Uno studio italiano fornisce la possibilità di identificare marcatori precisi per diagnosi precoci ed accurate del tumore al colon retto

Uno studio pubblicato su una rivista del gruppo The Lancet ha isolato le cellule staminali maligne trasformate che causano l’insorgenza del tumore al colon retto.  Il lavoro è stato coordinato dalla biologa Elena Binda, direttrice della Cancer Stem Cells Unit dell’IRCCS Casa Sollievo della Sofferenza di San Giovanni Rotondo e dal direttore scientifico dell’Istituto Angelo Vescovi.
Queste cellule – si legge in una nota – che si comportano nei diversi stadi della malattia come camaleonti cambiando pelle, crescono rapidissime, “perforano” poi i tessuti circostanti e si diffondono nell’organismo. Per muoversi utilizzano il circolo sanguigno in cui, prima di questo studio, non erano mai state individuate. Raggiunto un organo bersaglio, avviene un’ulteriore muta e queste cellule maligne acquisiscono la capacità di colonizzare il nuovo tessuto e generare metastasi mortali.
Questa loro trasformazione e diffusione in organi lontani come fegato e polmone rende poco efficace la rimozione chirurgica e le terapie classiche, classificando i tumori del colon retto metastatici, nei fatti, come incurabili e letali.

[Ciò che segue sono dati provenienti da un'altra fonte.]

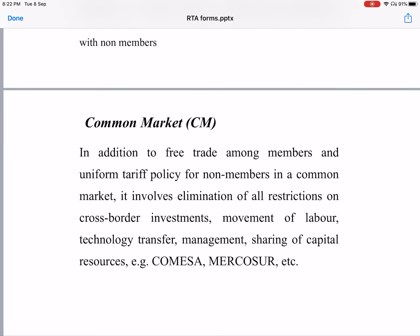The next level is the Common Market. In addition to free trade among members and a uniform tariff policy for non-members, a common market involves elimination of all restrictions on cross-border investments, movement of labor, technology transfer, and sharing of capital resources. The factors of production — labor, capital, technology, and management — are freely mobile and can move from one country to another without any restrictions.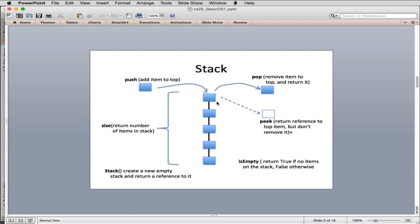However we implement a stack, it will always have these six operations. First, you create a new stack — that's creating an object of type stack, which returns a reference you store in a variable. You can get the size of the stack using that variable dot size. You can push an item onto the stack using stack dot push with the item. Pop removes the top item and returns it. There's also peek, which lets you look at what's on top without removing it. Finally, isEmpty returns true if the stack has zero items.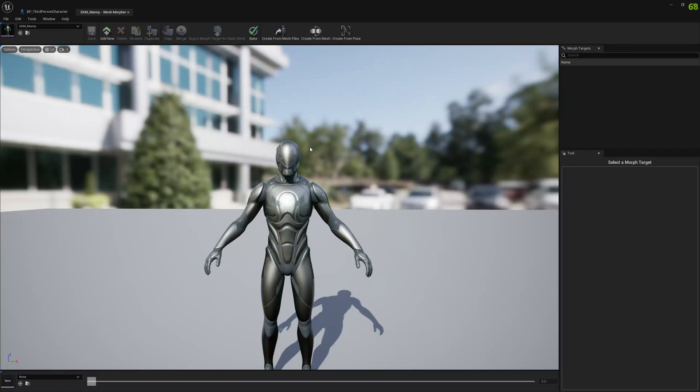Hello guys and welcome to my channel. In this video I'm going to show you how you can create morph targets or standalone morph targets from FBX and OBJ files at runtime using MeshMorpher.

La scoperta che, durante queste mute, le cellule di tumore al colon retto cambiano aspetto ma non la loro natura staminale “letale” apre per la prima volta la strada a terapie più efficaci e mirate, nonché meno tossiche.

Grazie anche a questa nuova possibilità di isolare queste cellule dal sangue, lo studio fornisce finalmente la possibilità di identificare marcatori precisi per diagnosi precoci ed accurate e bersagli selettivi per terapie.
Durante la formazione, la crescita, la disseminazione nei vasi sanguigni e la metastatizzazione a fegato e polmoni del tumore al colon retto, le cellule tumorali mantengono la capacità di generare cellule indifferenziate esattamente uguali alla cellula-madre
“Si tratta di una svolta critica nello sviluppo di queste terapie anti-cancro – spiegano i ricercatori Elena Binda e Angelo Vescovi – poiché l’uso della tecnologia delle cellule staminali tumorali di questo studio e la piattaforma tecnologica che la sostiene permetterà di ridurre in modo notevole il lasso di tempo, 18-24 mesi contro alcuni anni, che intercorre tra la scoperta di un possibile principio attivo e la sperimentazione sul paziente”.
I tumori al colon retto colpiscono un uomo su cinque e una donna su sei, con incidenza maggiore nei paesi occidentali più ricchi ma in rapida crescita in tutto il mondo. Incidenza e mortalità aumentano con l’età, quella media di diagnosi è di circa 70 anni, per un totale di 18 milioni di casi stimati nel solo 2018.